Dass es sich erneut um eine Unzulässigkeitsentscheidung nach § 29 Abs. 1 Nr. 1a) AsylG handelt, ergibt sich aus der Begründung des Bescheids eindeutig, wenngleich die Vorschrift des § 29 Abs. 1 Nr. 1a) AsylG nicht ausdrücklich genannt wird. Durch die Nennung von „Art. 3 Abs. 2 i.V.m. Art. 18 Abs. 1 d) Dublin III-VO“ und die Ausführungen auf S. 2, insbesondere Absatz 3 des Bescheides, wird dies eindeutig klar. § 29 Abs. 1 Nr. 2 und § 29 Abs. 1 Nr. 5 AsylG werden zwar rechtlich schwer nachvollziehbar zusätzlich, aber eindeutig nur subsidiär bzw. hilfsweise genannt, so dass sich hieraus keine Unklarheit des Bescheids und auch kein Rechtsfehler, der sich auswirkt, ergibt.
f) Nachdem auch ein nationales Abschiebungsverbot nach § 60 Abs. 5 oder 7 Satz 1 AufenthG für die Antragstellerin in Bezug auf Frankreich nicht ersichtlich ist, erweist sich die Abschiebungsanordnung im Ergebnis aller Voraussicht nach als rechtmäßig. Hinsichtlich eines Abschiebungsverbotes gemäß § 60 Abs. 5 AufenthG i.V.m. Art. 3 EMRK stellen sich keine anderen oder zusätzlichen rechtlichen Fragen. Auf die obigen Darstellungen wird verwiesen.
Die Voraussetzungen des § 60 Abs. 7 Satz 1 AufenthG – eine mit hoher Wahrscheinlichkeit drohende Extremgefahr für Leib, Leben oder Freiheit – sind im Hinblick auf die allgemeine humanitäre Lage erst recht nicht erfüllt (vgl. rechtlich hierzu BVerwG, B.v. 23.8.2018 – 1 B 42.18 – juris Rn. 13; VGH BW, U.v. 12.10.2018 – A 11 S 316/17 – juris). Eine solche Gefahr ergibt auch nicht aus gesundheitlichen Umständen. Eine lebensbedrohliche bzw. gravierende Erkrankung hat die Antragstellerin nicht konkret und ausreichend dargelegt, auch nicht, dass diese gegebenenfalls in Frankreich, wo sie sich fünf Jahre lang aufgehalten hat, nicht behandelbar wäre.
g) Mit der Zustimmung Frankreichs zur Wiederaufnahme der Antragstellerin steht auch die tatsächliche Durchführbarkeit der Abschiebung i.S.v. § 34a Abs. 1 Satz 1 AsylG fest.

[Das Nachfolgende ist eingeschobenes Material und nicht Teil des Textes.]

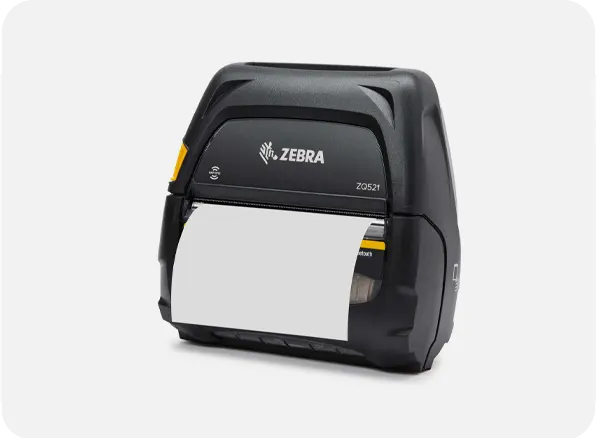Zebra ZQ521 RFID Mobile Printers 2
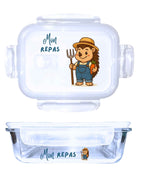 Boîte à repas pour bébé allergique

Etwaige inlandsbezogenen Vollstreckungshindernisse, die im Rahmen der Abschiebungsanordnung gemäß § 34a Abs. 1 Satz 1 AsylG anders als bei der Abschiebungsandrohung durch das Bundesamt zu prüfen sind (Pietzsch in Kluth/Heusch, Ausländerrecht, 28. Ed. 1.10.2020, § 34a AsylG Rn. 9 ff.), sind nicht ersichtlich.
2. Die Kostenentscheidung des damit erfolglosen Antrags ergibt sich aus § 154 Abs. 1 VwGO und § 83b AsylG.
3. Aus den dargelegten Gründen kam dem Antrag auf Anordnung der aufschiebenden Wirkung der Klage keine hinreichenden Erfolgsaussichten zu und wird deshalb auch der Antrag auf Prozesskostenhilfe und Rechtsanwaltsbeiordnung unabhängig von den persönlichen und wirtschaftlichen Verhältnissen der Antragstellerin abgelehnt, § 166, §§ 114 ff. ZPO.
4. Dieser Beschluss ist unanfechtbar, § 80 AsylG.